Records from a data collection
BEGIN

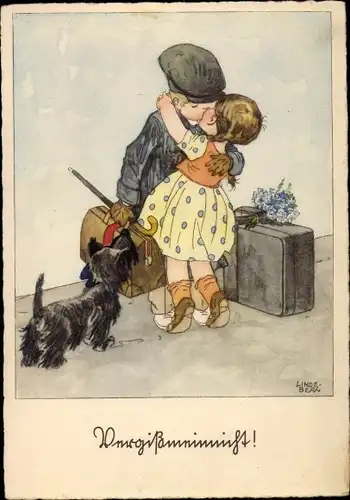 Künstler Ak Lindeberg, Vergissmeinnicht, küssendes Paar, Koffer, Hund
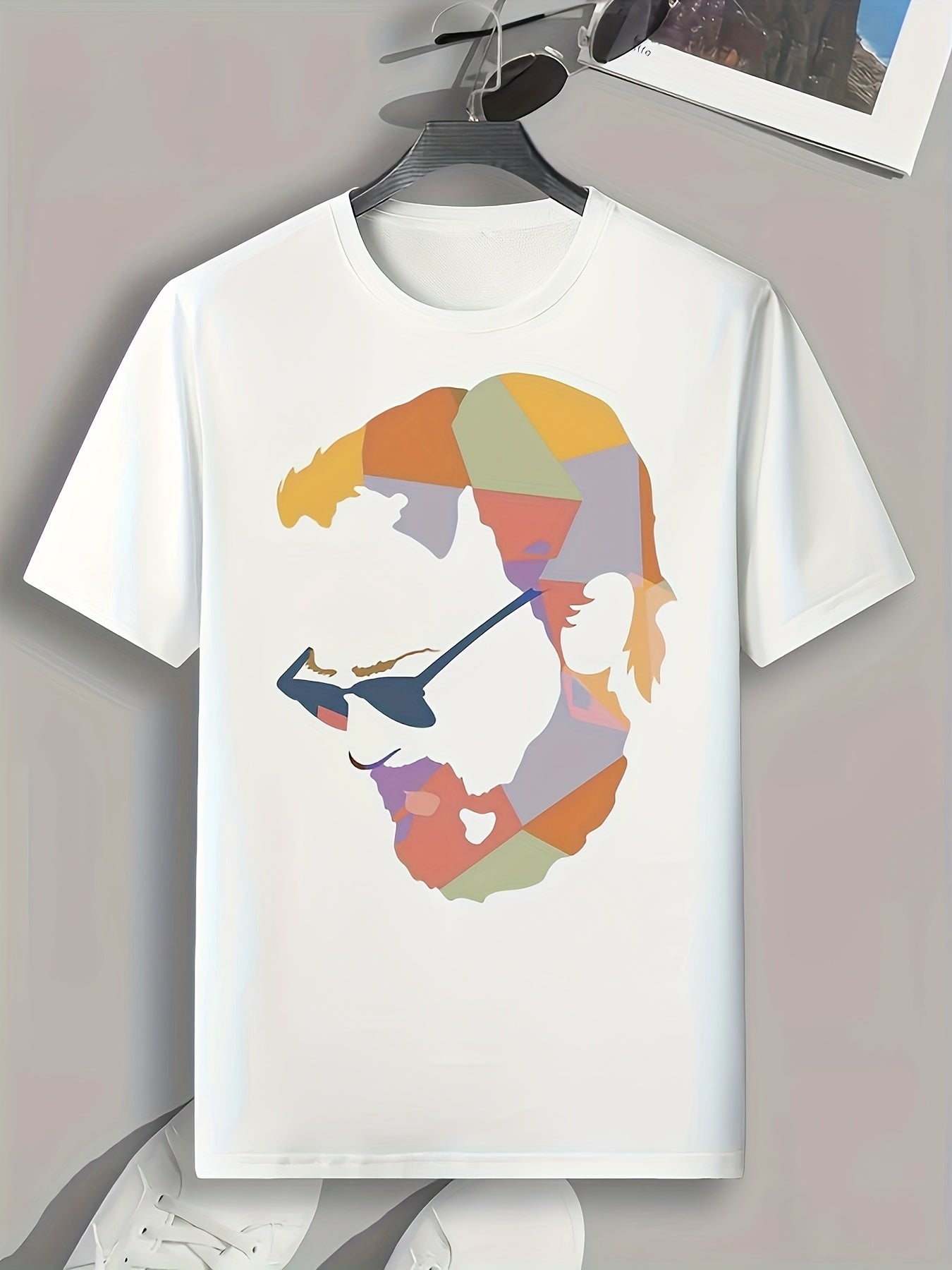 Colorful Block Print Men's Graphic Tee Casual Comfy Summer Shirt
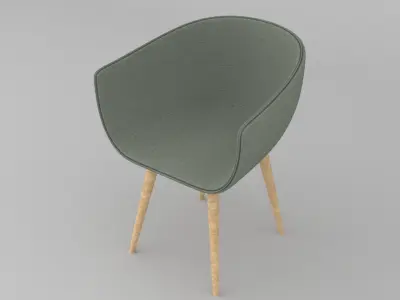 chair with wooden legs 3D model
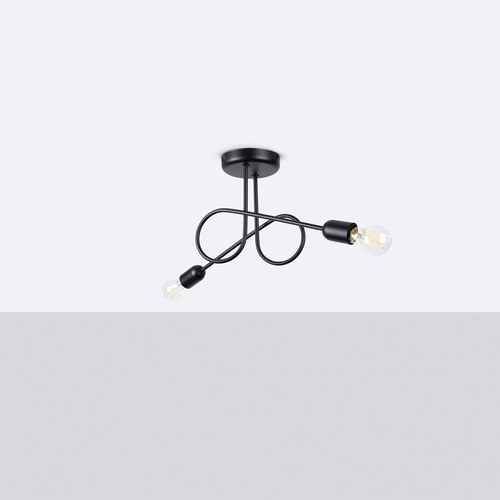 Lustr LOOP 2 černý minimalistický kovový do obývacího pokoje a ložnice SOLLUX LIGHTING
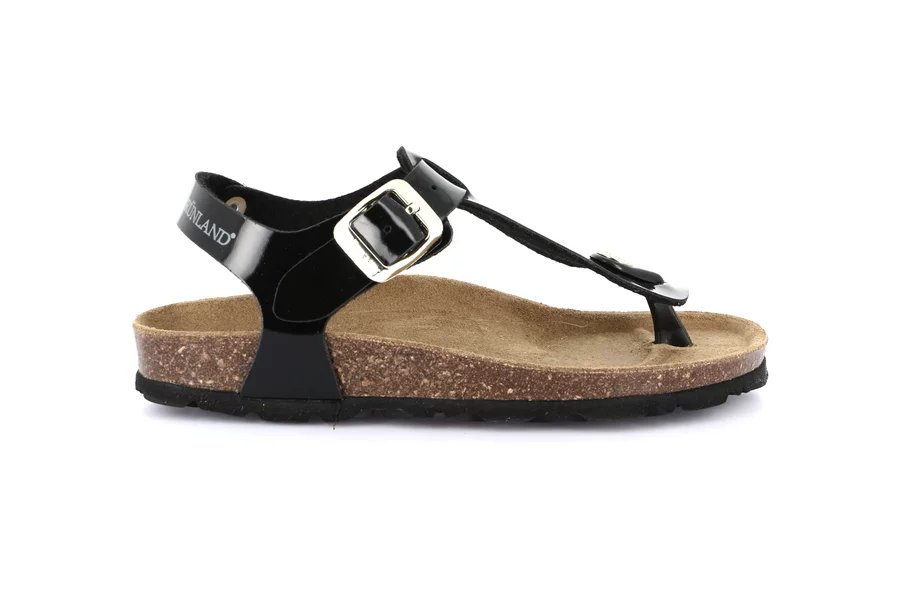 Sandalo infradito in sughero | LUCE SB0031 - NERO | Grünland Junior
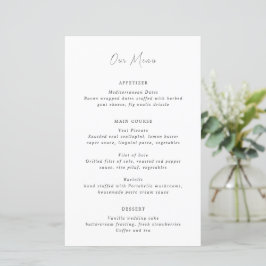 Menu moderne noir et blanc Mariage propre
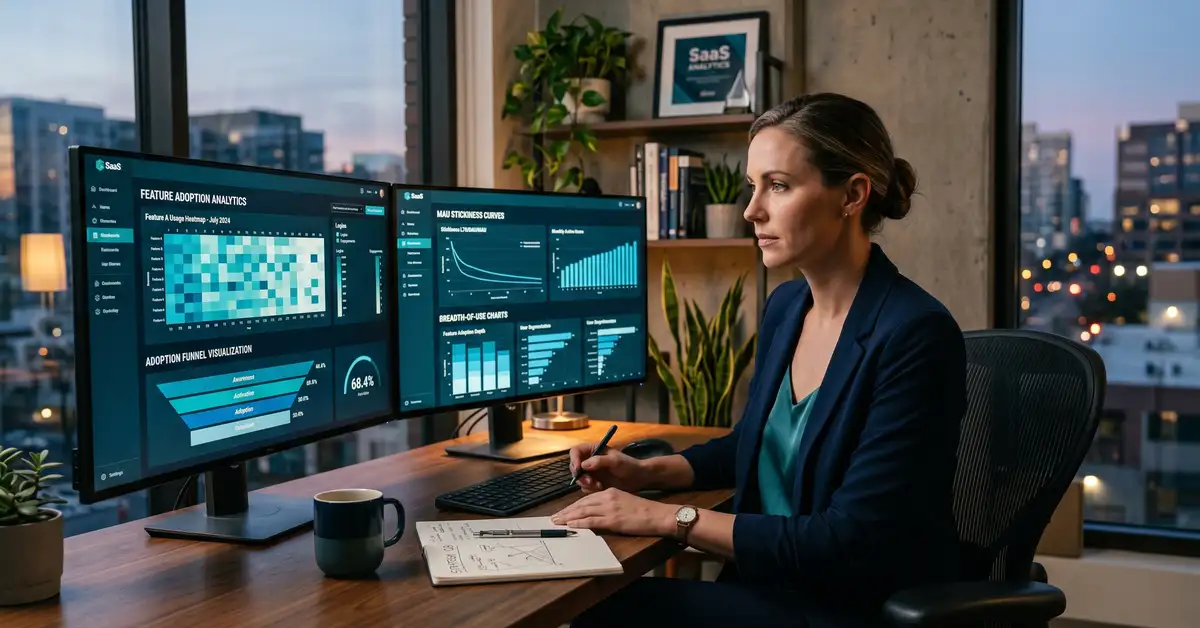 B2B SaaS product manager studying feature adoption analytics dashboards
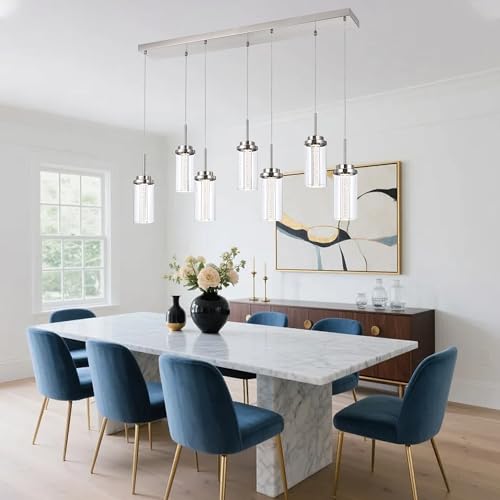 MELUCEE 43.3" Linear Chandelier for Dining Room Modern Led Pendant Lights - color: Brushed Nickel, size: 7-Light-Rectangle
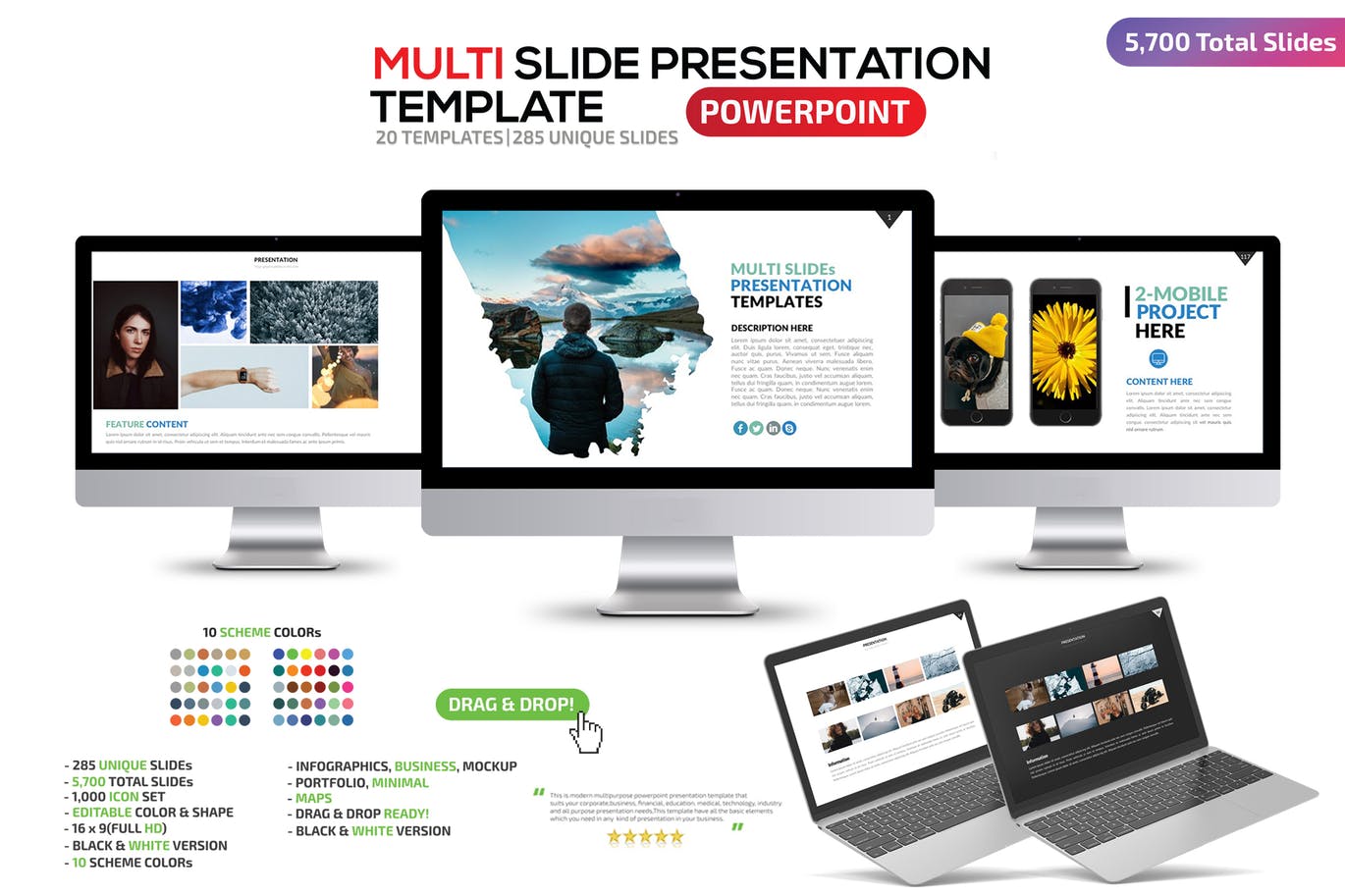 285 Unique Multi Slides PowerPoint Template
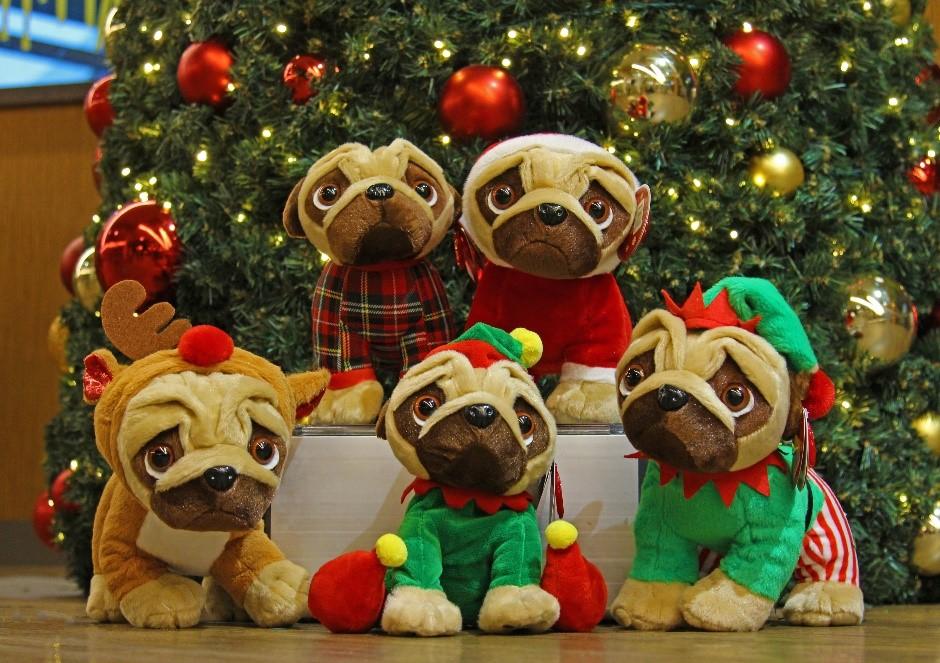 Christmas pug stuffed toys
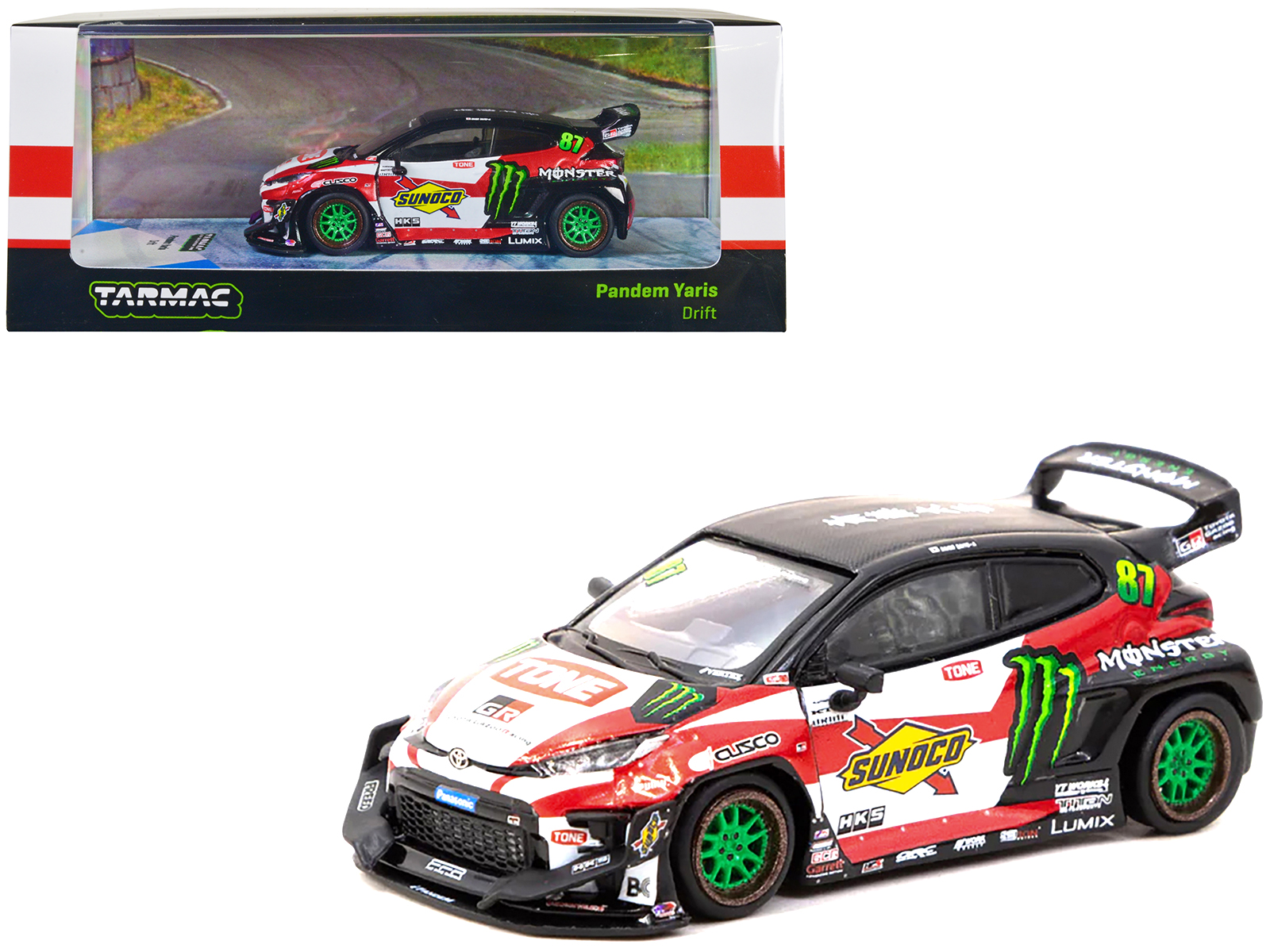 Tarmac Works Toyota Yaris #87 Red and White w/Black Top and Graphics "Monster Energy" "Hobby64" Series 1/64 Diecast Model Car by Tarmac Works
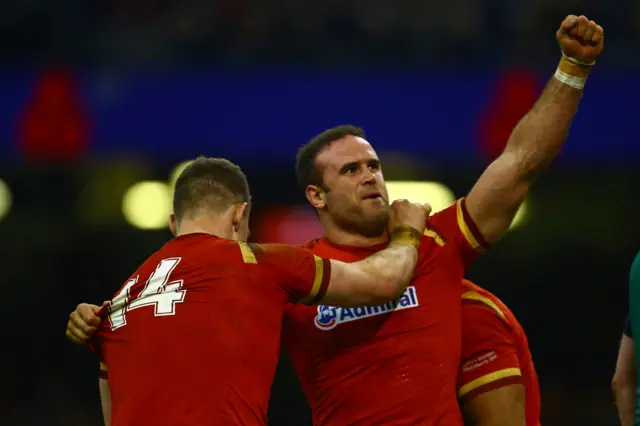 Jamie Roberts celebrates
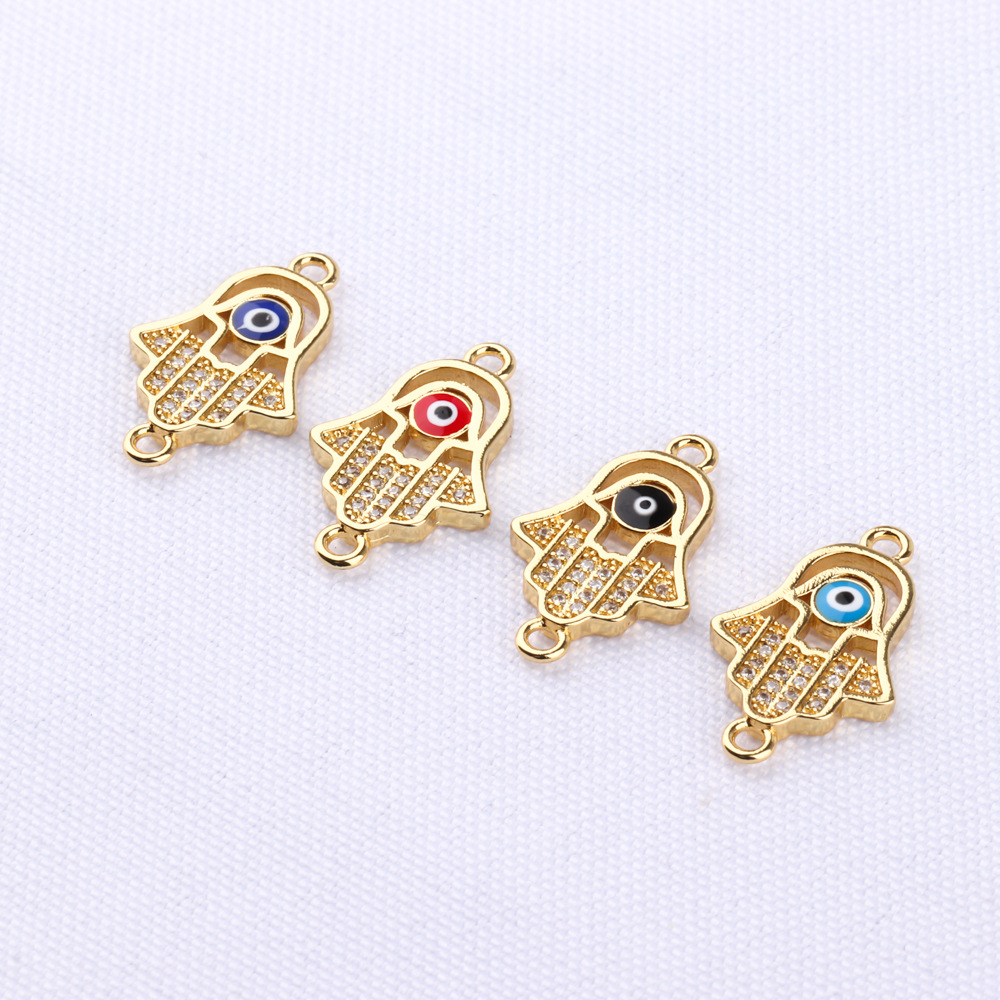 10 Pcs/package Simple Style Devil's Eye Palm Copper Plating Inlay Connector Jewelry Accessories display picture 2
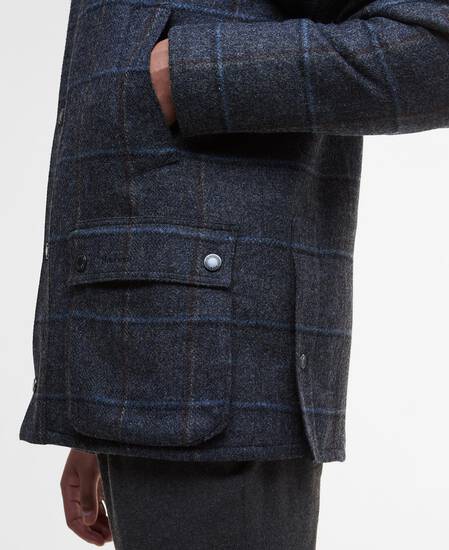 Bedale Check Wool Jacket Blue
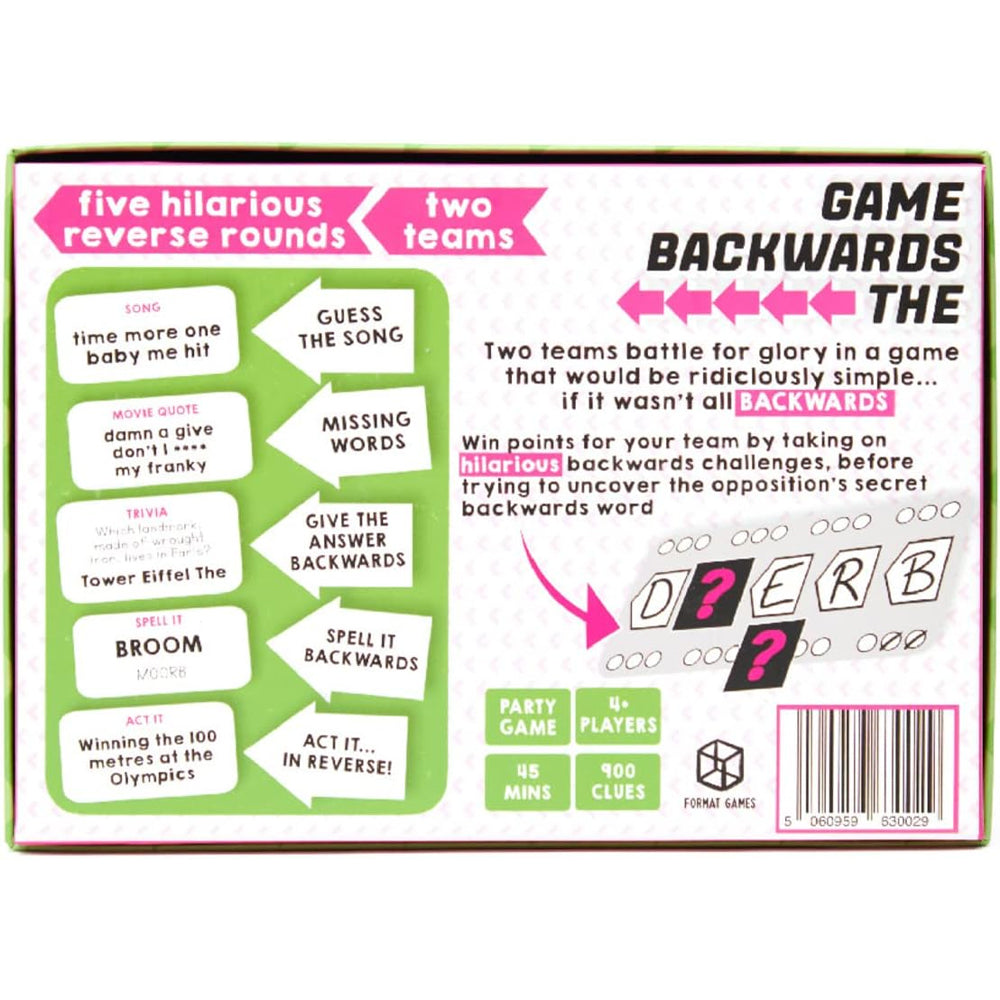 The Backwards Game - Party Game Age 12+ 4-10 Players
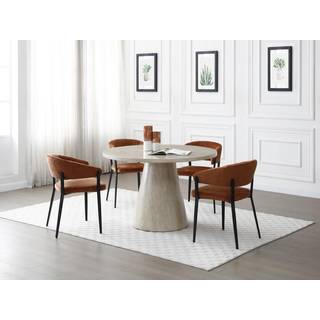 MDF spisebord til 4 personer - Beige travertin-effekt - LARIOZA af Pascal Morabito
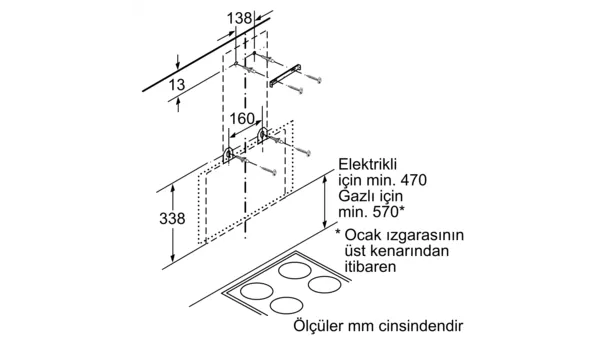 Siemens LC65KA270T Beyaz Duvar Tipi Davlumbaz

END

» Problem to solve:
Give back exactly the lines above that run from the one with "chair with wooden legs 3D model" to the one with "10 Pcs/package Simple", including both, with the pictures left out.

» Solution to the exercise:
 chair with wooden legs 3D model
 Lustr LOOP 2 černý minimalistický kovový do obývacího pokoje a ložnice SOLLUX LIGHTING
 Sandalo infradito in sughero | LUCE SB0031 - NERO | Grünland Junior
 Menu moderne noir et blanc Mariage propre
 B2B SaaS product manager studying feature adoption analytics dashboards
 MELUCEE 43.3" Linear Chandelier for Dining Room Modern Led Pendant Lights - color: Brushed Nickel, size: 7-Light-Rectangle
 285 Unique Multi Slides PowerPoint Template
 Christmas pug stuffed toys
 Tarmac Works Toyota Yaris #87 Red and White w/Black Top and Graphics "Monster Energy" "Hobby64" Series 1/64 Diecast Model Car by Tarmac Works
 Jamie Roberts celebrates
 10 Pcs/package Simple Style Devil's Eye Palm Copper Plating Inlay Connector Jewelry Accessories display picture 2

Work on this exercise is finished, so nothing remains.